Your task is to print, exactly and only, the lines from the start of the entries below through the line with "LeetCode 1552 Magnetic". Include both ends, but skip the pictures.

**Task material:**
----------
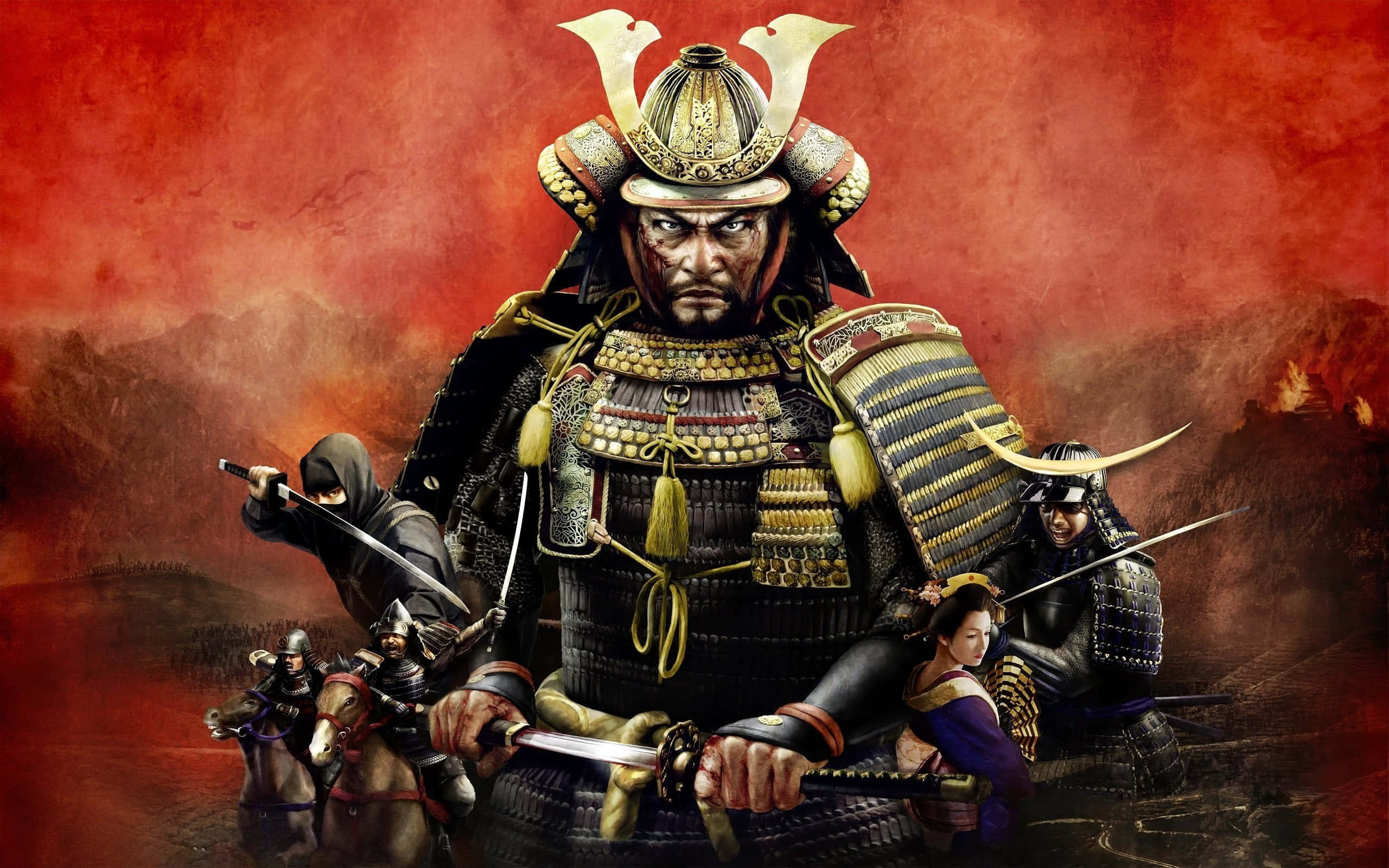 Samurai Warrior, ornate armor, sword drawn, 2K Desktop Wallpaper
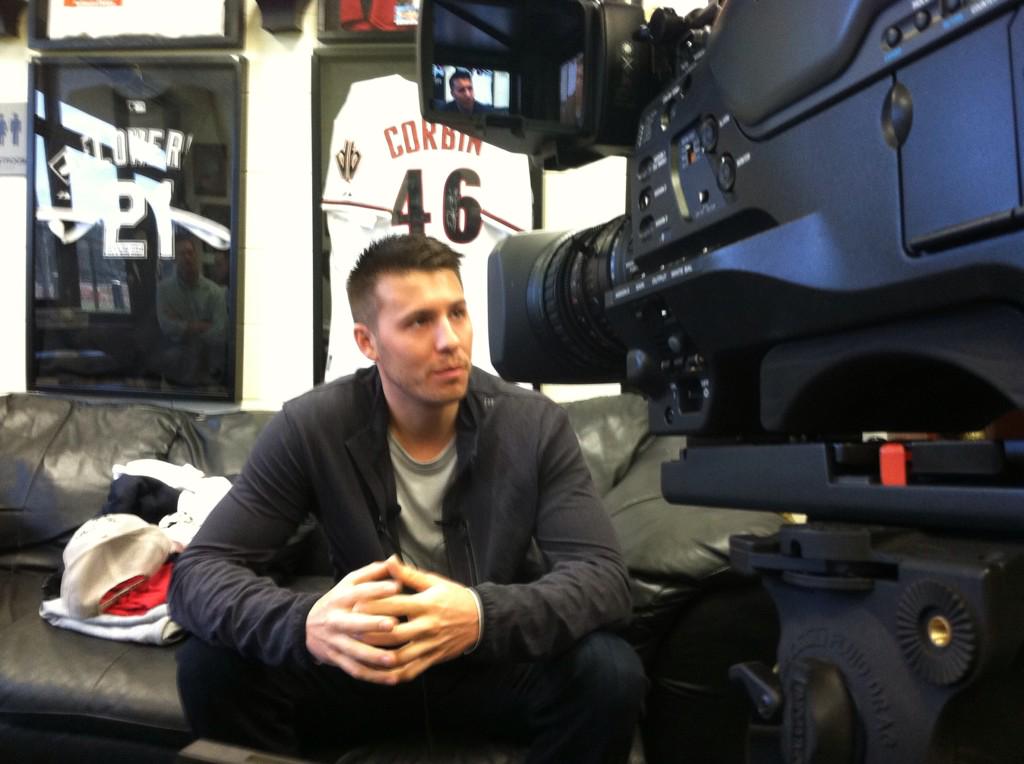 GregBrzozowski's tweet photo. Tonight on @WJHG_TV, @PatrickCorbin11 talks about having his number retired amongst @JoeyBats19 &amp; @russellmartin55 http://t.co/lghKL3QaQ9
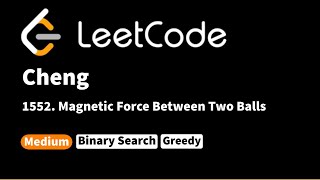 LeetCode 1552 Magnetic Force Between Two Balls [upl. by Corette]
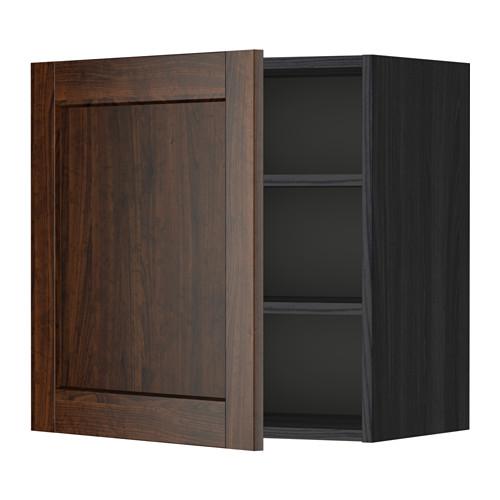 МЕТОД Шкаф навесной с полкой - под дерево черный, Эдсерум под дерево коричневый, 60x60 см МЕТОД Шкаф навесной с полкой - под дерево черный, Эдсерум под дерево коричневый, 60x60 см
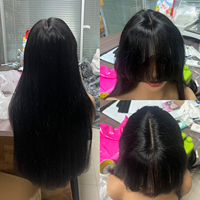 Peluca de Cabello Liso Remy con Flequillo, 100% Cabello Humano Virgen, Largo, 180% de Densidad, Cabello Vietnamita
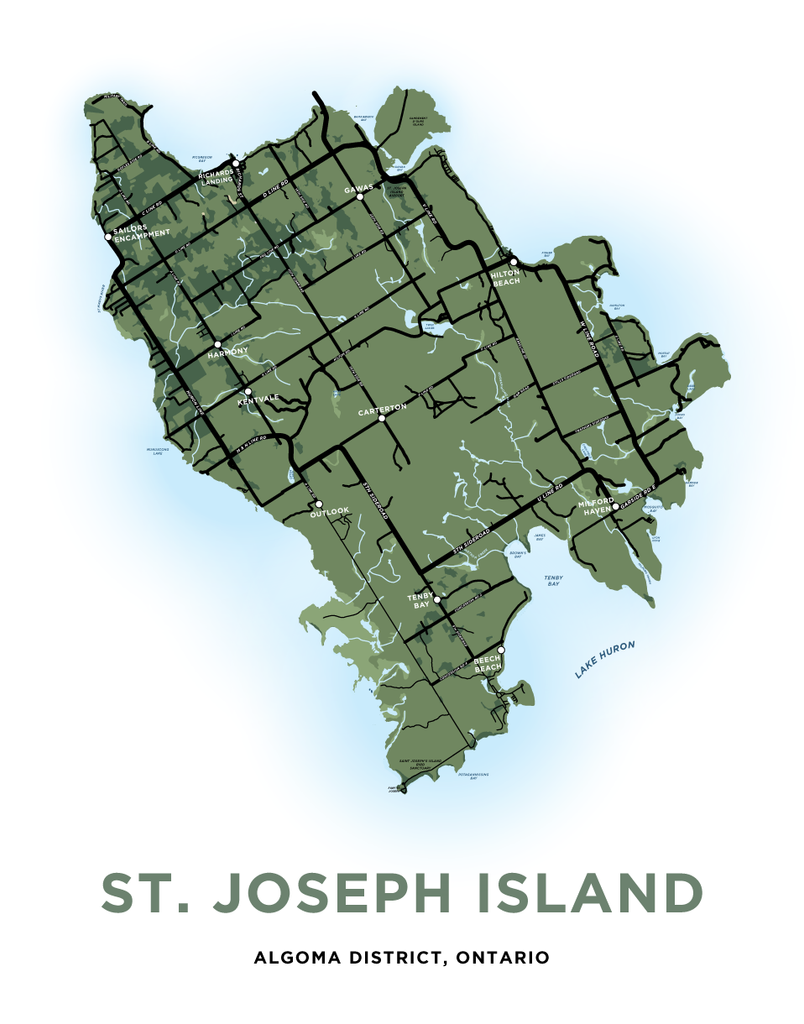 st joseph island ontario map St Joseph Island Map Print Jelly Brothers st joseph island ontario map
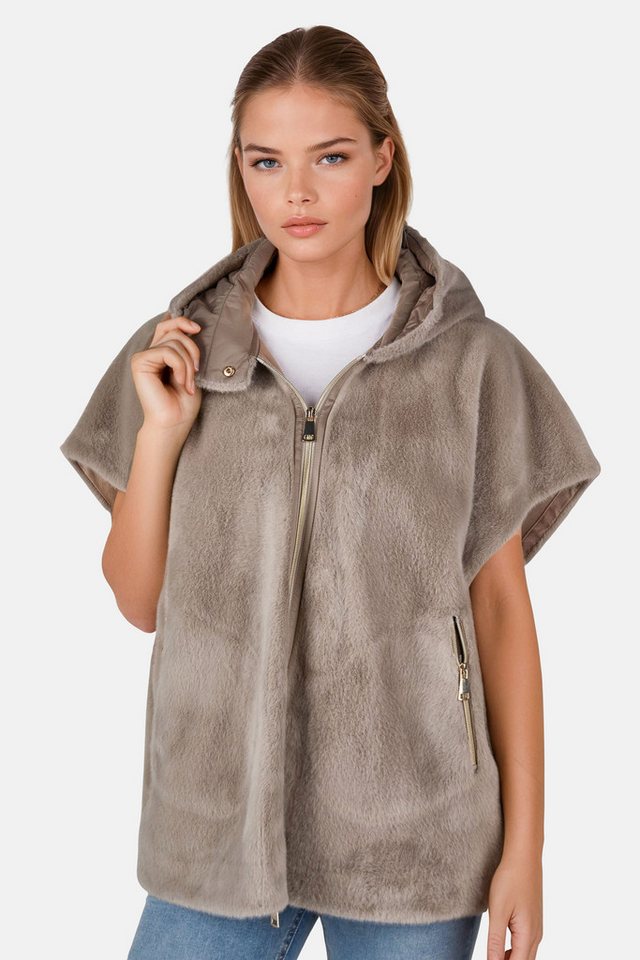 White Label Fellimitatweste mit Kapuze von White Label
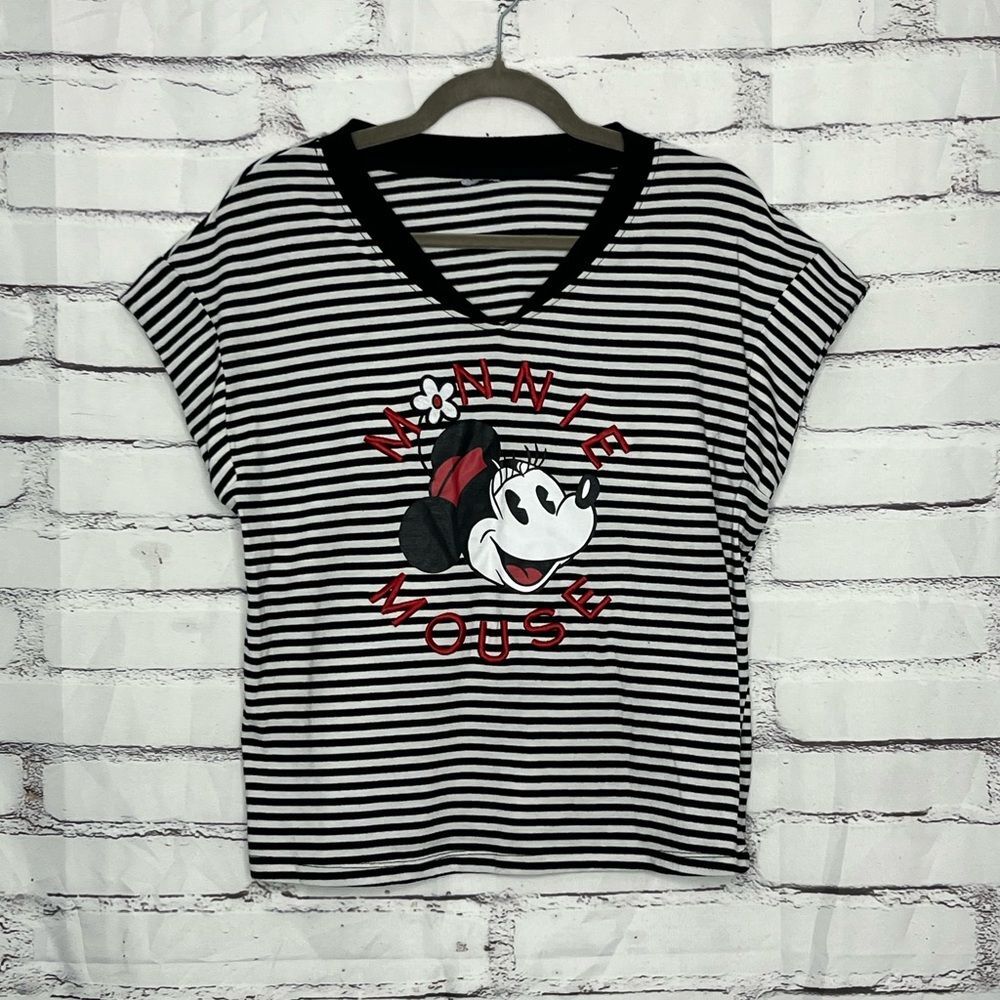 Disney Minnie Mouse Striped V-Neck Graphic Tee Women’s Small Black White Top Y2K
----------
**Answer for the task:**
 Samurai Warrior, ornate armor, sword drawn, 2K Desktop Wallpaper
 GregBrzozowski's tweet photo. Tonight on @WJHG_TV, @PatrickCorbin11 talks about having his number retired amongst @JoeyBats19 &amp; @russellmartin55 http://t.co/lghKL3QaQ9
 LeetCode 1552 Magnetic Force Between Two Balls [upl. by Corette]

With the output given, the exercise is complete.